Oil, gas regulators get 25% raise to stay with federal office


05 17, 2012 by The Times-Picayune

The federal government is giving some of its beleaguered oil and gas regulators a raise as it tries to strengthen its four Louisiana field offices and compete with the private sector to recruit 200 more people to review and approve offshore drilling proposals, permits and spill-response plans. Empowered by a congressional spending bill passed in December, the Interior Department's Bureau of Safety and Environmental Enforcement granted 25 percent raises over the base salaries of 102 petroleum engineers, geophysicists and geologists stationed in its New Orleans, Houma, Lafayette and Lake Charles offices.

The new rates took effect April 22 and have been touted by the bureau's director, James Watson, as a key tool for recruiting and retaining employees in competition with private industry.

The employees actually are getting an 11 percent raise over their current salaries because they already had a cost-of-living adjustment equal to a 14 percent over their base pay. For example, a typical senior petroleum engineer or geoscientist making $95,459 before the raise would now make $104,524. Survey data collected by the Society of Petroleum Engineers show that the average private-sector geoscientist made $152,475 in 2011 and the average drilling engineer earned $175,363.

The Bureau of Safety and Environmental Enforcement has hired 28 new engineers since it was reorganized from the old Minerals Management Service following the BP oil spill in April 2010. Five of them were recruited and hired this year after the raise was approved by Congress, the bureau said.

Most of the work of reviewing offshore drilling permits in the Gulf of Mexico is handled by the bureau's engineers, and they've come under heavy fire in the past two years. First, the attention was on the role they played in approving permits and plans for the ill-fated Deepwater Horizon rig. They approved stock spill-response plans, failed to check tests for a piece of safety equipment and took just a few minutes to approve 11th-hour changes in BP's well design and drilling operations. President Barack Obama said the regulatory agency had a "cozy relationship" with the oil industry and ordered its overhaul.

But when that reform came in the form of three new agencies and new leadership, the scientists and engineers were demonized again by Louisiana politicians who blamed them for slow-walking permits for an industry trying to get back to work. The conflict reached a head in September when U.S. Rep. Jeff Landry, R-New Iberia, tried to meet with a bureau official in charge of permits and was turned away from the New Orleans office, then said the agency was akin to the Gestapo, Nazi Germany's secret police.
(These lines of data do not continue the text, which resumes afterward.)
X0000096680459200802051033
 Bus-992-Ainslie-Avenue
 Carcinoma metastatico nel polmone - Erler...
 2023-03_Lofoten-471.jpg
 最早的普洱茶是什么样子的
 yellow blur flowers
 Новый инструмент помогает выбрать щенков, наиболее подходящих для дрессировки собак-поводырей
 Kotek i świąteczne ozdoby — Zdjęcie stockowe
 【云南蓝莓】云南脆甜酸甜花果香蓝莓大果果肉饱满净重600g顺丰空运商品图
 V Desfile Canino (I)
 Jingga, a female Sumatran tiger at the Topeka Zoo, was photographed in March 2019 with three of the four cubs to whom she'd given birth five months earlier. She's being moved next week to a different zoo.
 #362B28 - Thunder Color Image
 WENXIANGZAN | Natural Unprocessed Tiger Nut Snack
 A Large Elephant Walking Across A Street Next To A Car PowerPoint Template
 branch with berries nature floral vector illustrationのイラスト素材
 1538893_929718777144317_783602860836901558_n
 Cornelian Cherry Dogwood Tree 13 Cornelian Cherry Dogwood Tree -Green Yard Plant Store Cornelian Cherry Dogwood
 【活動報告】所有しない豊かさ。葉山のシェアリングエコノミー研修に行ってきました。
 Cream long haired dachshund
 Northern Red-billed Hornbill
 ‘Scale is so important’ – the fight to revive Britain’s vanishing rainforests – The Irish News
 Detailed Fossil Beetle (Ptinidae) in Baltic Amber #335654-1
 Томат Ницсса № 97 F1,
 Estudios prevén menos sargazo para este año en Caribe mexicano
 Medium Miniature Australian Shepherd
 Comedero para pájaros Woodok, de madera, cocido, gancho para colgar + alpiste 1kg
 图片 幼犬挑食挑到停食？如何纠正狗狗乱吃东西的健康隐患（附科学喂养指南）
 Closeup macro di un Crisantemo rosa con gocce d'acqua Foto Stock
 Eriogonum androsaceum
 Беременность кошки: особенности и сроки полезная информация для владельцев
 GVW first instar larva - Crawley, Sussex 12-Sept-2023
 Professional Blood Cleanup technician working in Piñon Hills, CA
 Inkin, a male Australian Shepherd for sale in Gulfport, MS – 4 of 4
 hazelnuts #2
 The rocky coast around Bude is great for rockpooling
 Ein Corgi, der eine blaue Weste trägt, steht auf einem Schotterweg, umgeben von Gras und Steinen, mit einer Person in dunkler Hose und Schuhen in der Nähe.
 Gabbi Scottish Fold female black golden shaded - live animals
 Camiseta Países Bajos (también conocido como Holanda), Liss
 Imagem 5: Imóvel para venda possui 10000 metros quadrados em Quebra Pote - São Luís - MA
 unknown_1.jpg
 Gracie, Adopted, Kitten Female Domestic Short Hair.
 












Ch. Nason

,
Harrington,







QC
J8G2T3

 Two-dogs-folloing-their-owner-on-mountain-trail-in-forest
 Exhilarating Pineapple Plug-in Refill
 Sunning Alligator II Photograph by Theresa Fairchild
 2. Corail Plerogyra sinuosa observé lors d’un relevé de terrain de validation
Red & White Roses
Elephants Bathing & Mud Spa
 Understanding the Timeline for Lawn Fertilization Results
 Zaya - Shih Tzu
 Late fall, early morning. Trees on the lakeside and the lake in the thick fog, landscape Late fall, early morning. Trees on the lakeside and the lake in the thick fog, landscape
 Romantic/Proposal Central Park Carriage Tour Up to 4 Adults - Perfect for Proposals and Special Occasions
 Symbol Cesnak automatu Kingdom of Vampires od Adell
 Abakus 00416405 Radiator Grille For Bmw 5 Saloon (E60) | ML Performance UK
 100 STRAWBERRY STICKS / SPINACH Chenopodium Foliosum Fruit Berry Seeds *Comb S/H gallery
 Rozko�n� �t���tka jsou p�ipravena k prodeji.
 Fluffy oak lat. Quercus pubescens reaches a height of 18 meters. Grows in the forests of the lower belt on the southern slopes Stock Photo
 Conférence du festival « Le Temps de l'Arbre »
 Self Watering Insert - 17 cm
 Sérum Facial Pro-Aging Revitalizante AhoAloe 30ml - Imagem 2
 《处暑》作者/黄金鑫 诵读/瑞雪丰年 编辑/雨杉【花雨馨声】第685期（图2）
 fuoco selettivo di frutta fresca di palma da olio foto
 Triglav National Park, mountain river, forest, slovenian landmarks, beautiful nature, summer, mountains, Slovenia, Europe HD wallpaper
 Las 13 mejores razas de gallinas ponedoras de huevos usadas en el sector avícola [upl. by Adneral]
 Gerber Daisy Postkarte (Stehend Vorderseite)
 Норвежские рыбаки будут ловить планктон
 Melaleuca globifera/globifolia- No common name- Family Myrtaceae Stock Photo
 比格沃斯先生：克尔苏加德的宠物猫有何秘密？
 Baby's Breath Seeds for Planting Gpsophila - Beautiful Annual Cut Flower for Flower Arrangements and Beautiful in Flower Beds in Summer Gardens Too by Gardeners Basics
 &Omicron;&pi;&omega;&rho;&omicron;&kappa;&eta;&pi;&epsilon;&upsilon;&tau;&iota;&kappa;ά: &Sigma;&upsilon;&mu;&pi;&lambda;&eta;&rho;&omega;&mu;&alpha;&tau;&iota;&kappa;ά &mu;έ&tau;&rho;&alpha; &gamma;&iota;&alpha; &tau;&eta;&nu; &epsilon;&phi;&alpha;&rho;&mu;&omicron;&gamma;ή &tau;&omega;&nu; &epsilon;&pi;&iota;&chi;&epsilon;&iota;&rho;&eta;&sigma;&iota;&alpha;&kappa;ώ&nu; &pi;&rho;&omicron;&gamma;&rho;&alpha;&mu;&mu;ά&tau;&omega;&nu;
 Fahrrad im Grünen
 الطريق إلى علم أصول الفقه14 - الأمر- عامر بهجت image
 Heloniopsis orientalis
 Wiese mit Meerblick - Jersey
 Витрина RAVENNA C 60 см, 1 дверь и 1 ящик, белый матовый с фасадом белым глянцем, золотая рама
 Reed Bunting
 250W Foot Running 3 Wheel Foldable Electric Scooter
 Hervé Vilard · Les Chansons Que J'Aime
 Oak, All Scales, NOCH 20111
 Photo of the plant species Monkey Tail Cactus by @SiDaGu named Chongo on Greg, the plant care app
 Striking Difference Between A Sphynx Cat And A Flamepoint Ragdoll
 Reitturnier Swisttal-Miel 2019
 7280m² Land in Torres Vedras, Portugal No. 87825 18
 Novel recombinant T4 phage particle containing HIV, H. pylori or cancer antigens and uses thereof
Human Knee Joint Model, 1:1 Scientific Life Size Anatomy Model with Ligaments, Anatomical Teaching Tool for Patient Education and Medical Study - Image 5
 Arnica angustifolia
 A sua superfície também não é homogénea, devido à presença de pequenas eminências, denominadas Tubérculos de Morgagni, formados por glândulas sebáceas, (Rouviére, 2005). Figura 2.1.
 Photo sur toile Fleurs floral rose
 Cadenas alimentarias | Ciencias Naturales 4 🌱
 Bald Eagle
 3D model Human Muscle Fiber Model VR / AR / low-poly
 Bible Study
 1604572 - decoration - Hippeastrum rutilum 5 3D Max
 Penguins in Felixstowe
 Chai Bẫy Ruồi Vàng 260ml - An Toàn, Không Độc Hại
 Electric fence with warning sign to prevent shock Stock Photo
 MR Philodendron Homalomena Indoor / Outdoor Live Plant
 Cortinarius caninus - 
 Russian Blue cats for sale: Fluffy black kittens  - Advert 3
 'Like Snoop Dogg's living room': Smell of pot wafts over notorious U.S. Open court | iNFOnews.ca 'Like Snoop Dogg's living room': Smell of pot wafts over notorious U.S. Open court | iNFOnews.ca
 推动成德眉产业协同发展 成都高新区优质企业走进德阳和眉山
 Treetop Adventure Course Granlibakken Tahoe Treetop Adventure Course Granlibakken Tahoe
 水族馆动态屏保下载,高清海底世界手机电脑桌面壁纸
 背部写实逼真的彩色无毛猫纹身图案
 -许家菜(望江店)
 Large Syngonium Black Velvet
With morale at an all-time low, even the government's most outspoken critics say more competitive pay is justified. But some question why the raises are also going to the engineers who approved plans and permits for the Deepwater Horizon.

"It's reasonable they should get a raise and it's reasonable that the congressional delegation should back off, but it's also reasonable to have some accountability for the people who are at least partially responsible for the worst environmental disaster in the history of the United States," said Anne Rolfes, director of the Louisiana Bucket Brigade.

The bureau declined to comment on whether any regulators were disciplined as a result of the Deepwater Horizon investigation, although none of the various accident investigations found their decisions had been a direct cause of the rig explosion and oil spill.